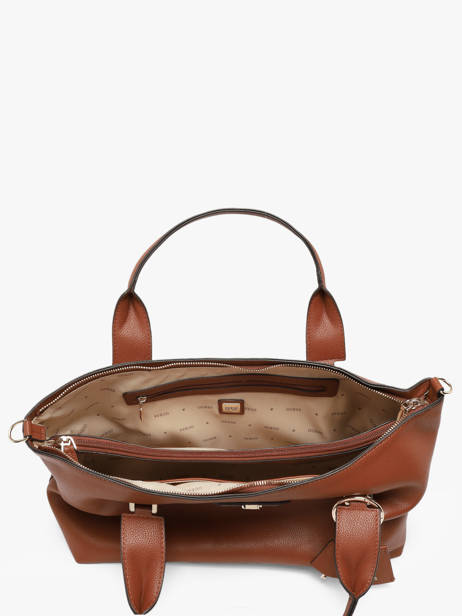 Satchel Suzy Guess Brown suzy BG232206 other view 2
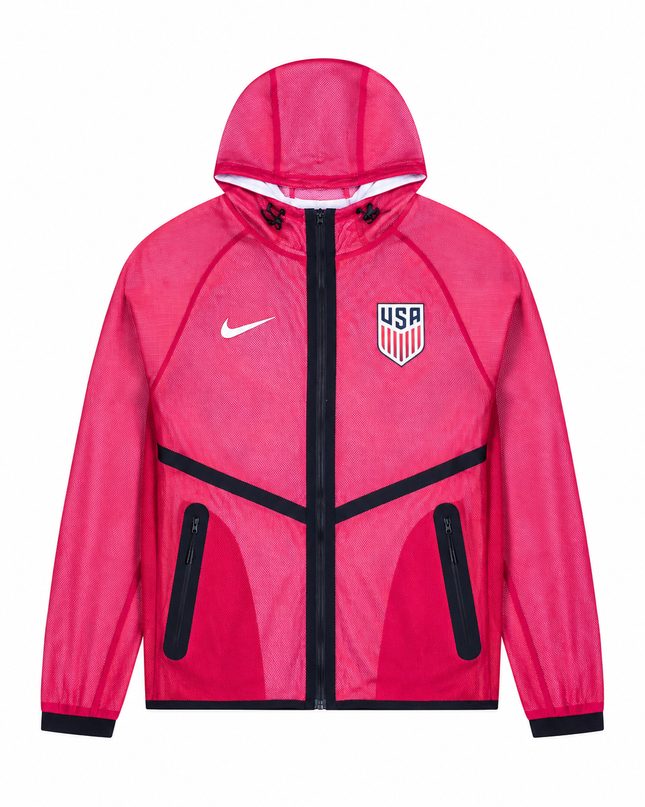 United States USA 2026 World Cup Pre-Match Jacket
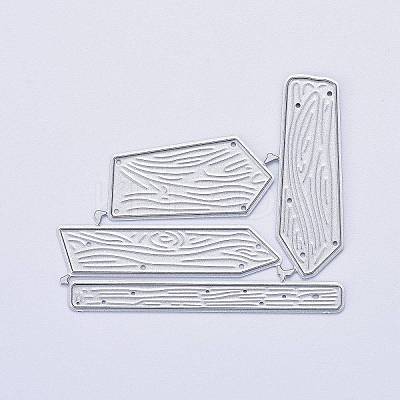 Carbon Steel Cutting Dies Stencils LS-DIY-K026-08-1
---
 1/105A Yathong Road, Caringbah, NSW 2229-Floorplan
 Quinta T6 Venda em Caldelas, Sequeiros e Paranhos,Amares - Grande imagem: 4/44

■ **What this task involves**:
What are the lines above from the one with "Satchel Suzy Guess" to the one with "Carbon Steel Cutting", both included? Reproduce them exactly, without pictures.

■ **Written reply**:
 Satchel Suzy Guess Brown suzy BG232206 other view 2
 United States USA 2026 World Cup Pre-Match Jacket
 Carbon Steel Cutting Dies Stencils LS-DIY-K026-08-1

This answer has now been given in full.